Given information –
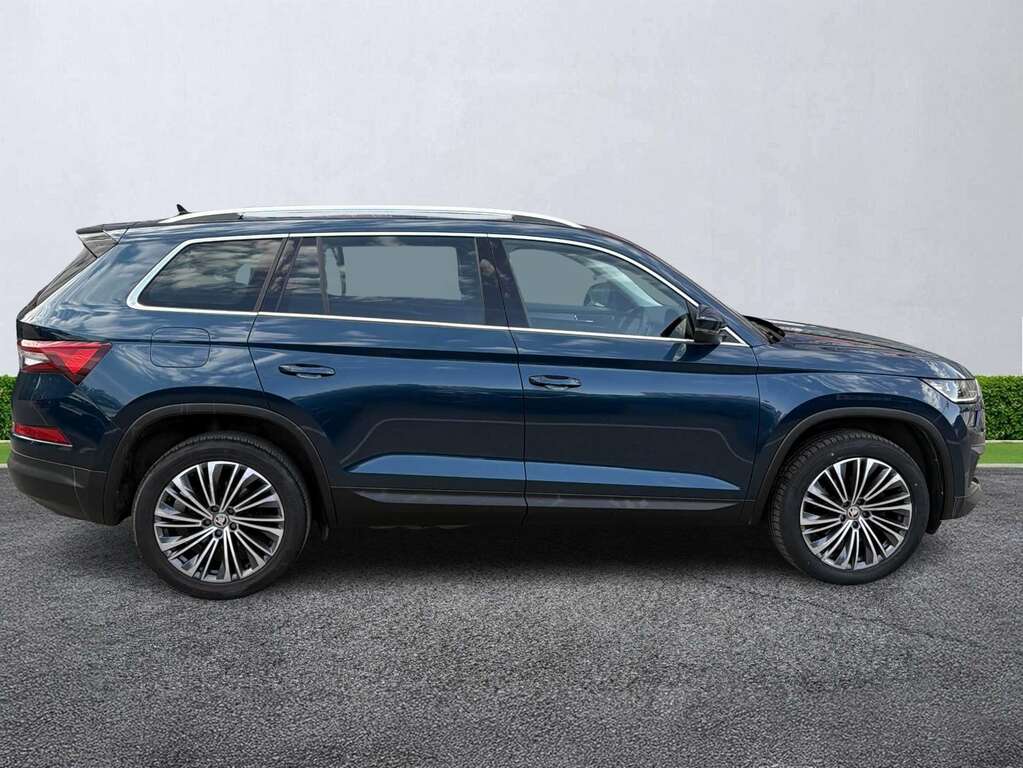 Skoda Kodiaq 1.5 Tsi Se L Executive Dsg 7 Seat RK23WOJ Blue #3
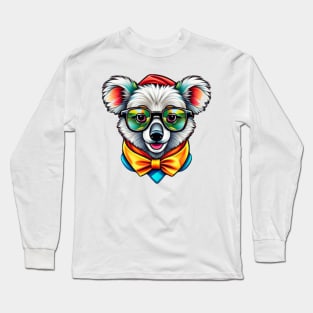 Koala Claus: Holidaze in Down Under Chic Long Sleeve T-Shirt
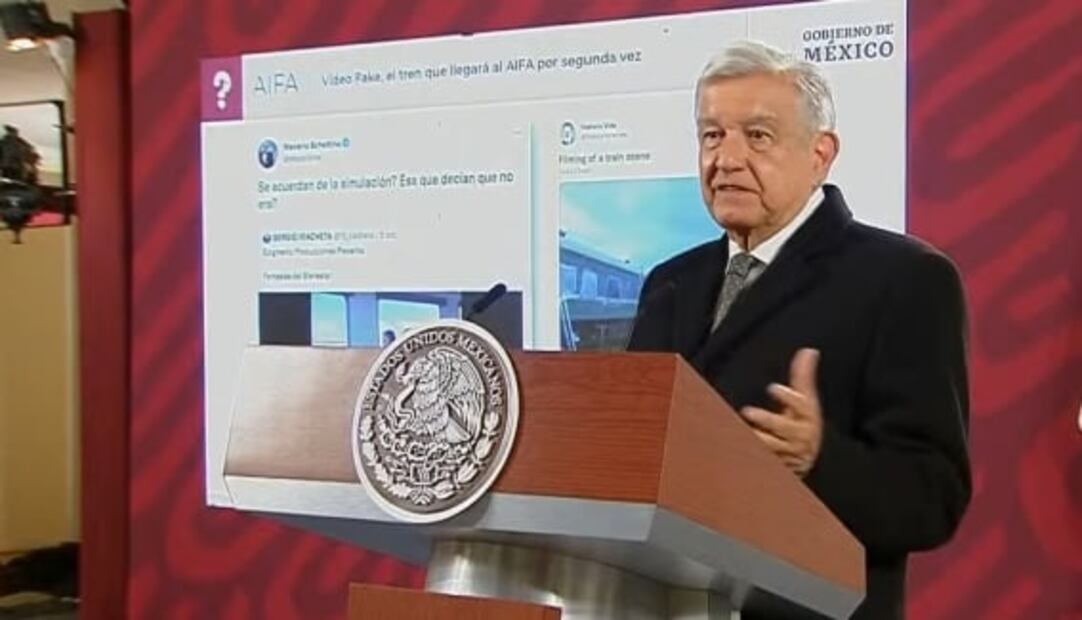 La mañanera de AMLO, 12 de octubre, minuto a minuto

Task objective – Set down word for word each line from the one containing "Koala Claus: Holidaze" through the end of the material, and keep the pictures out of it.

Finished exercise –
 Koala Claus: Holidaze in Down Under Chic Long Sleeve T-Shirt
 La mañanera de AMLO, 12 de octubre, minuto a minuto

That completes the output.